With the protection of indigenous rights set to become more important in the coming years, international discussions on how best to safeguard such rights continue in heated fashion. This year the debate included the United Nations’ Permanent Forum on Indigenous Issues calling on WIPO to afford greater recognition of indigenous peoples in its decision-making processes and respect for their right to safeguard, preserve or promote traditional resources as they see fit. Similar tensions are being played out at jurisdiction level, with the latest developments in New Zealand providing an example of the challenges posed by trying to protect indigenous rights in existing IP frameworks.

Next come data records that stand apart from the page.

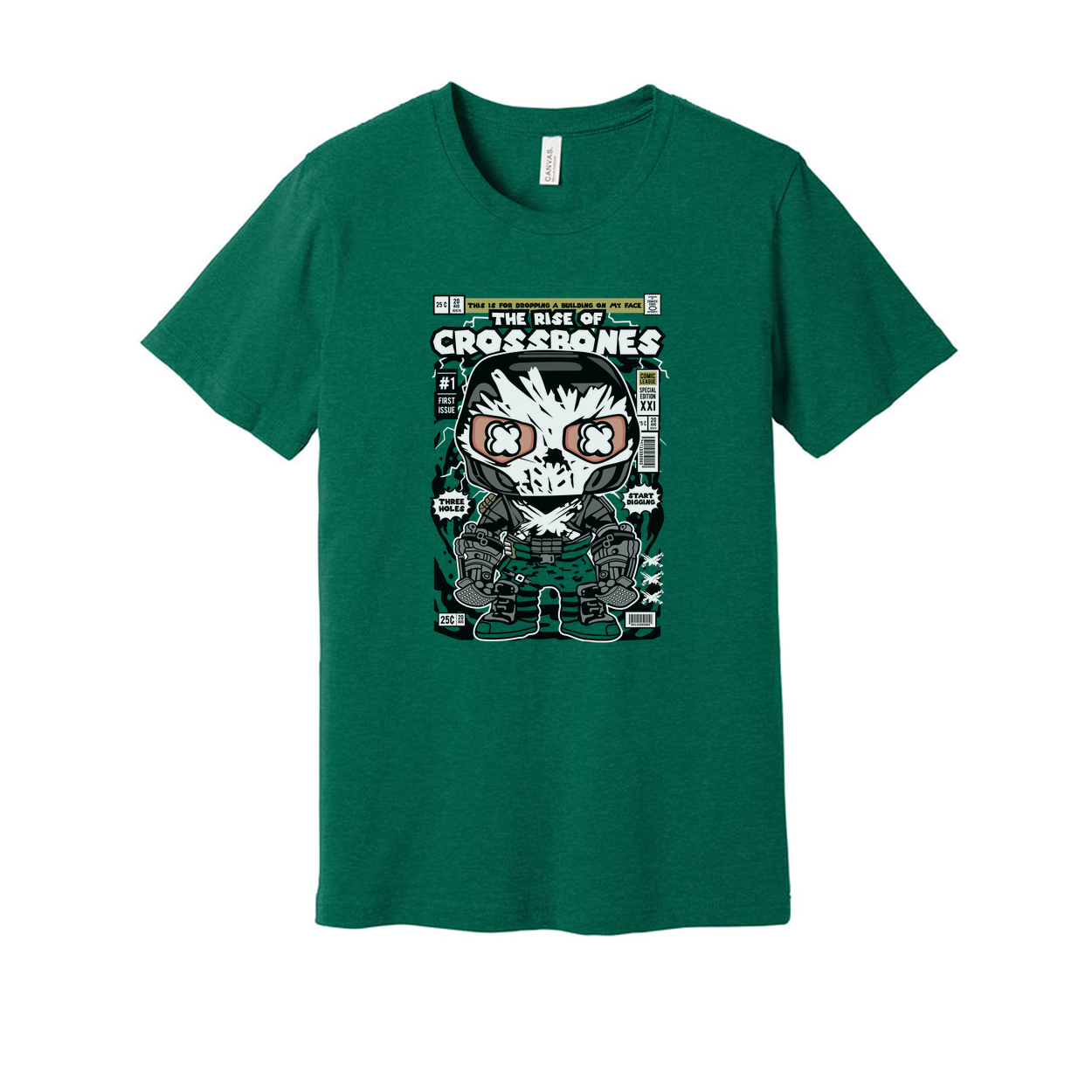 Unisex Skull Crossbones Comic Graphic Tee With Bold Monochrome Artwork And Crew Neck Short Sleeve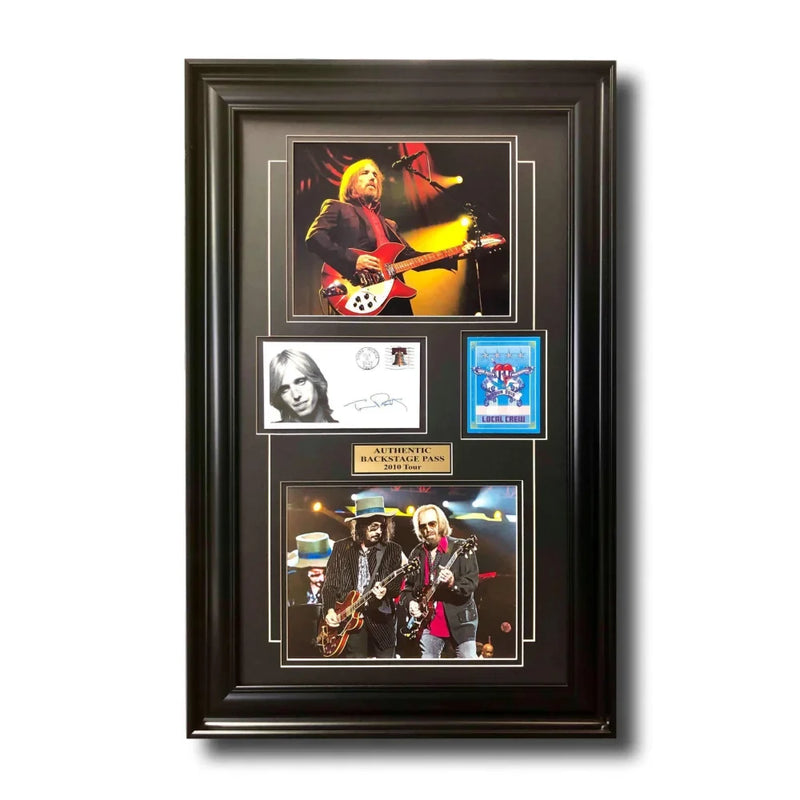 Tom Petty Framed World Tour Backstage Pass & Facs Signature Collage COA 16x26 Heartbreakers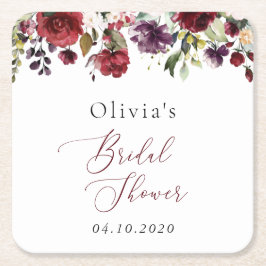 Burgundy Flowers, Rosa Flowers, Boho Möhippa Underlägg Papper Kvadrat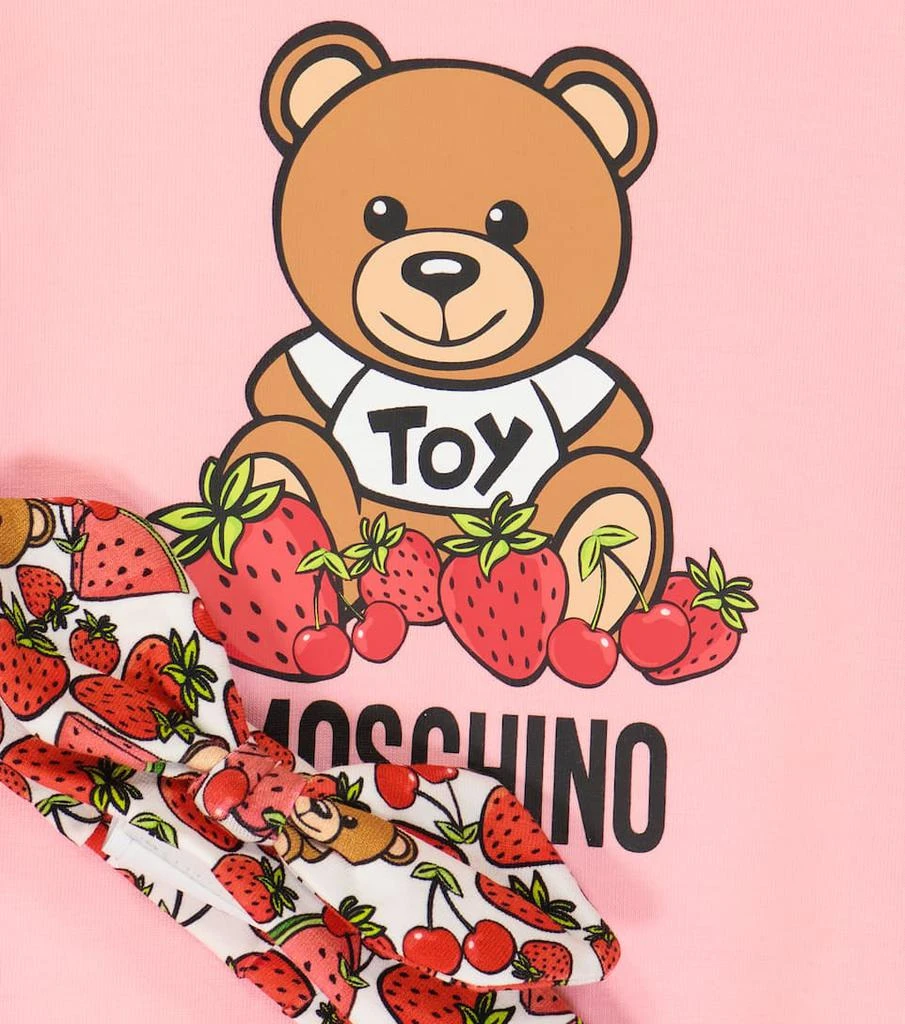 商品Moschino|婴幼儿 — 棉质混纺连身衣与发箍套装,价格¥835,第3张图片详细描述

Speaking to WTR earlier this year Gregg Marrazzo, president of INTA and senior vice president and deputy general counsel at The Estée Lauder Companies, stated: “As a personal observation, you hear about the protection of indigenous rights and it is an area that I really believe will become more important over the next 10 years.” The latest issue of WTR contains an in-depth examination of current global efforts to protect traditional cultural expressions, as well as an examination ofa recent opposition hearing in which the Intellectual Property Office of New Zealand refused to register applications by Te Runanga o Toa Rangatira Incorporated (the Runanga) for KA MATE, UPANE KAUPANE, WHITI TE RA and KA ORA (Te Runanga O Toa Rangatira Incorporated v Prokiwi International Limited ([2012] NZIPOTM 14, June 1 2012)). Since publication, efforts to protect Maori intellectual and cultural property have taken a new turn.

As outlined in WTR, the words of the applied-for trademarks form part of the Ka Mate haka, a traditional Maori dance authored by Te Rauparaha, a chief from the Ngati Toa tribe – with the dance currently associated internationally with New Zealand. Considering the application by the Runanga (a Ngati Toa representative body), the office stated that the marks had no distinctive character because other traders were likely, in the ordinary course of their business, to want to use the marks legitimately in relation to their own goods or services.

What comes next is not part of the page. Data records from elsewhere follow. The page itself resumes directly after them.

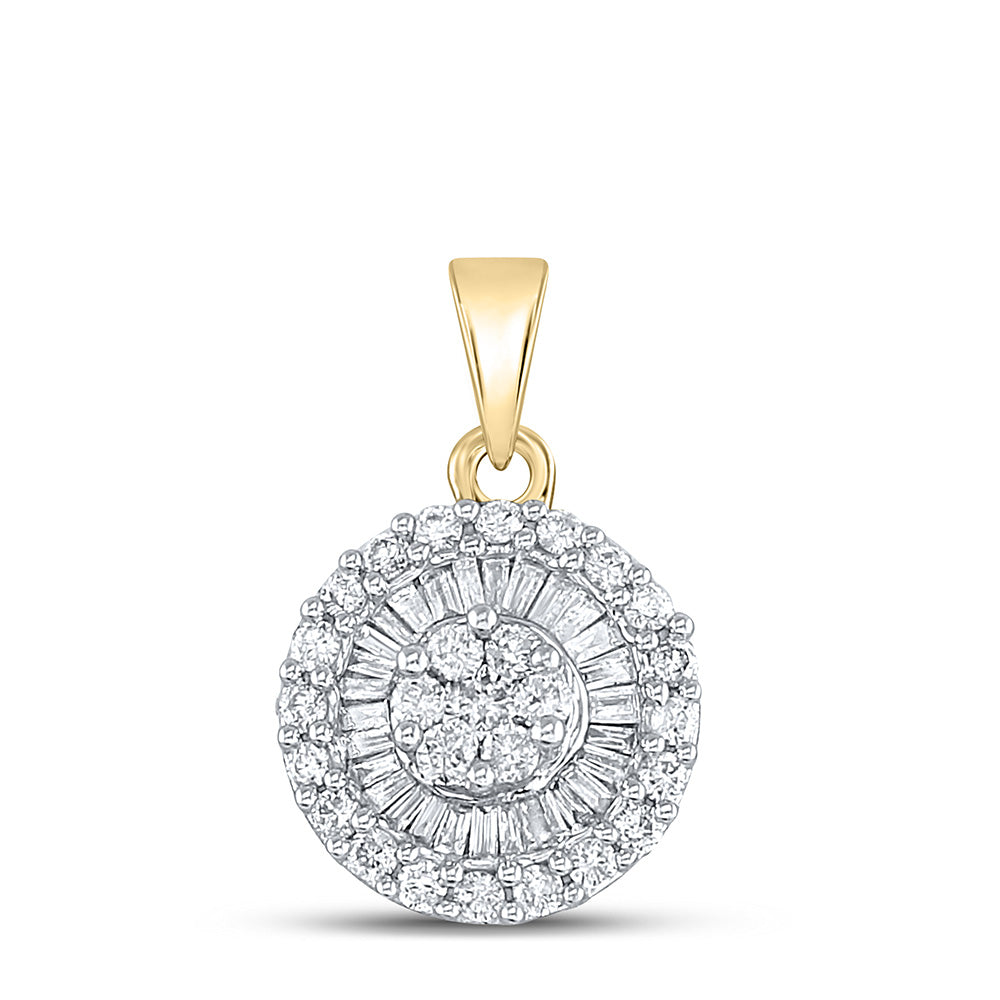 14kt Yellow Gold Womens Round Diamond Flower Cluster Pendant 5/8 Cttw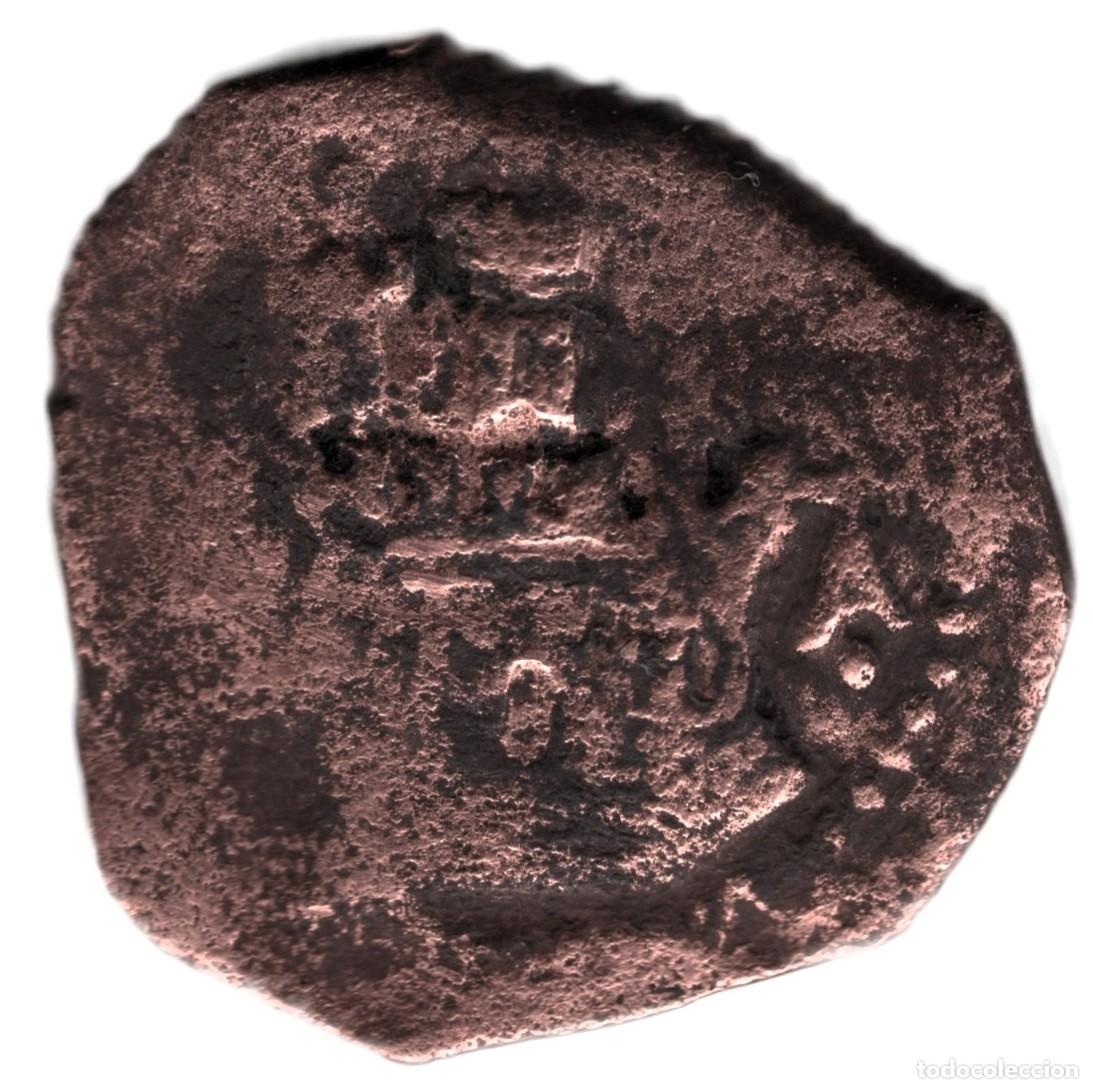 Monedas de Espa&ntilde;a: 2 Maraved&iacute;s de Felipe II - vell&oacute;n de bajo grado 1582-1585
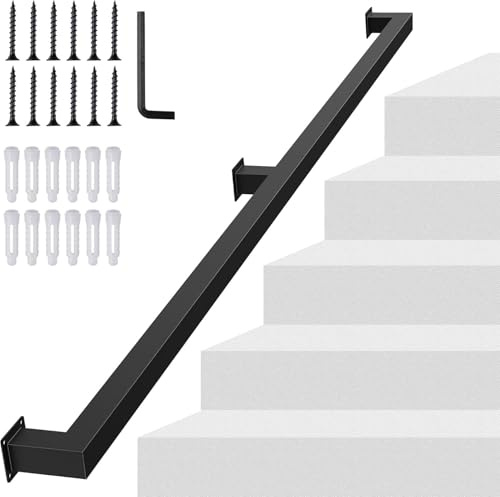 NArra 180CM/6FT Square Tube Handrail,Wall Mount Staircase Rail,200kg Load | Modern Handrail Pipe Stair Industrial Stair Rail For Indoor Outdoor Steps,Carbon Steel Non-Slip Grab Handle For Loft Porch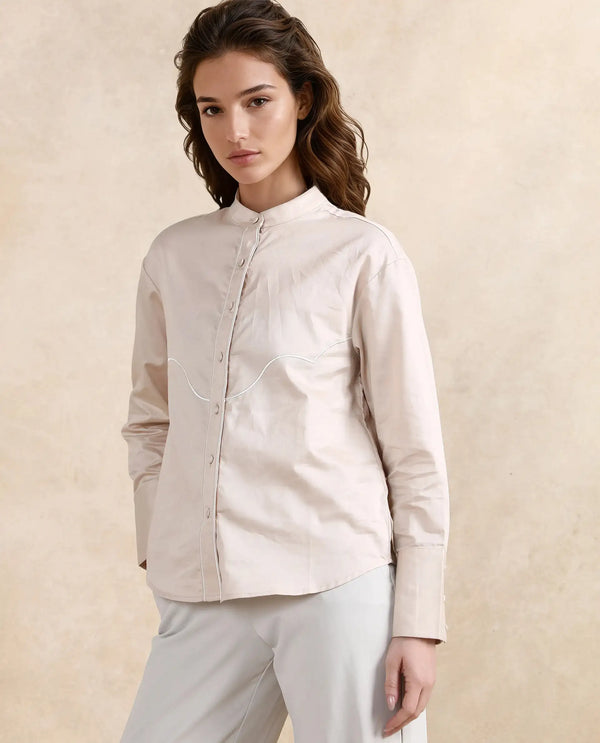 Rareism Women Jujo Beige Cotton Satin Fabric Cuffed Sleeve Mandarin Collar Button Closure Plain Shirt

In their analysis of the decision, AJ Park’s Lynell Tuffery Huria and Jude Antony argued that, if correct, “the ruling provides further evidence that the existing IP framework is inadequate to prevent the misuse or misappropriation of Maori intellectual and cultural property”.

In 2011 the Waitangi Tribunal, convened by the New Zealand government to investigate claims brought by Maori relating to actions or omissions of the Crown which breach the promises made in the Treaty of Waitangi, agreed with the claim that the Crown has failed to provide adequate levels of protection for Maori intellectual and cultural property. The Tribunal recommended an alternative framework and a new commission to adjudicate on objections to unauthorised commercial use raised by kaitiaki (such as Ngati Toa) of aspects of Maori cultural property and objections from the community to offensive or derogatory use of Maori culture.

In the latest development, the Ngati Toa iwi has initialled a Deed of Settlement with the Crown, which, amongst other things, provides for recognition and acknowledgement of their connections to the haka Ka Mate, requiring legislation that provides for a right of attribution in favour of Ngati Toa.

Commenting on the practical implications of the proposed legislation, Tuffery Huria and Antony note that, while an innovative step, it would “fall short of providing sufficient protection for a piece of Maori intellectual property, because the legislation does not enable Ngati Toa to stop culturally offensive or unauthorised commercial use of Ka Mate.”

However, they comment that the deed “provides for the Ka Mate attribution legislation to be reviewed by the Crown five years after its commencement with a view to considering additional protection of Ka Mate if it is not already provided for by that time in more generic legislation or policy”, which might suggest “that a more generic piece of legislation or policy providing stronger protection for Maori intellectual and cultural property is envisaged”.

Whether at national or international level, the tensions between existing international property frameworks and indigenous rights continue to pose challenges for rights holders, indigenous peoples and legislators, and the road to reconciliation remains a long one.